__Task statement__. Go to the line in the entries below that holds "Texas Toyota of" and repeat exactly from there through the line that holds "As the baby", inclusive.

__Working data__.

# # # # #

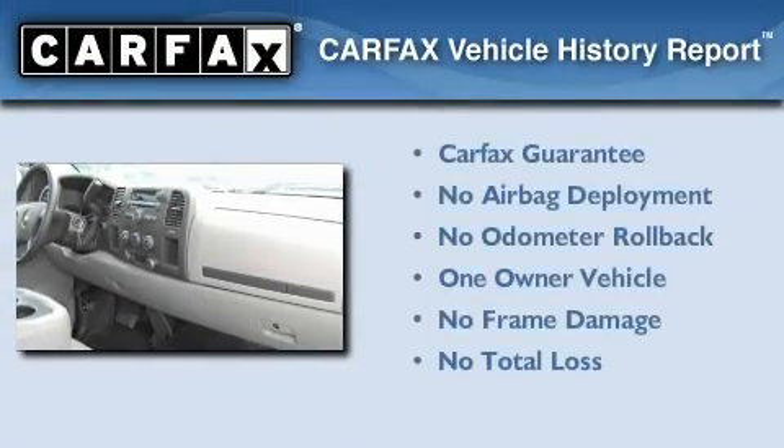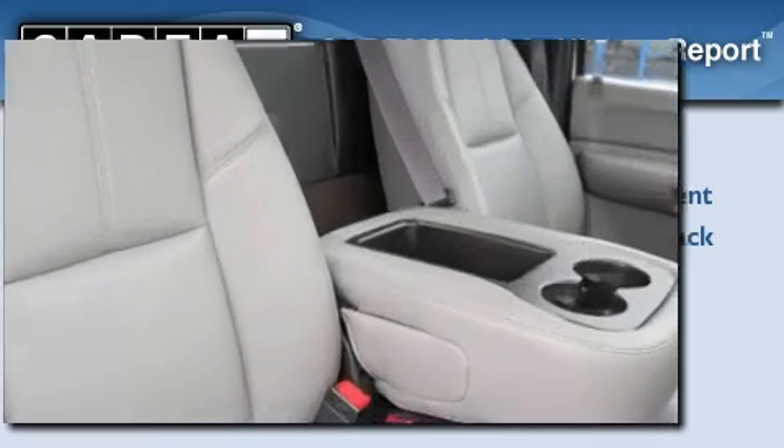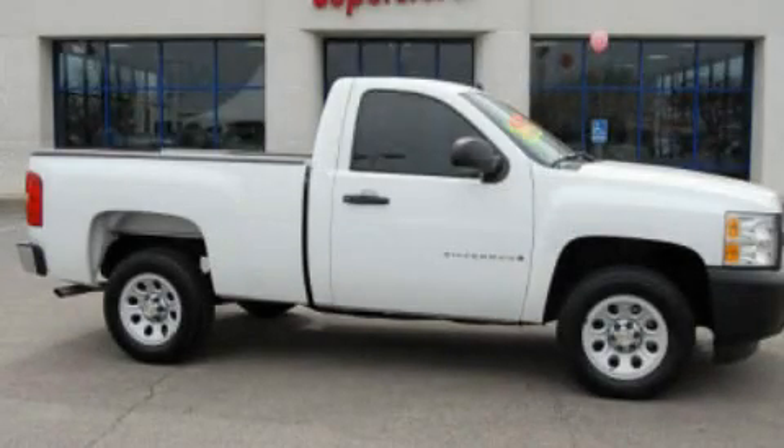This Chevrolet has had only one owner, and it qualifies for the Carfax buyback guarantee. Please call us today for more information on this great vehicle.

# # # # #

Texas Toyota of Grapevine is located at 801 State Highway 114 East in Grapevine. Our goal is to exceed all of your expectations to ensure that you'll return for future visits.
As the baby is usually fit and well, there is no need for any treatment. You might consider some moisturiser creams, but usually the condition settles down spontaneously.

# # # # #

__Answer space__.
Texas Toyota of Grapevine is located at 801 State Highway 114 East in Grapevine. Our goal is to exceed all of your expectations to ensure that you'll return for future visits.
As the baby is usually fit and well, there is no need for any treatment. You might consider some moisturiser creams, but usually the condition settles down spontaneously.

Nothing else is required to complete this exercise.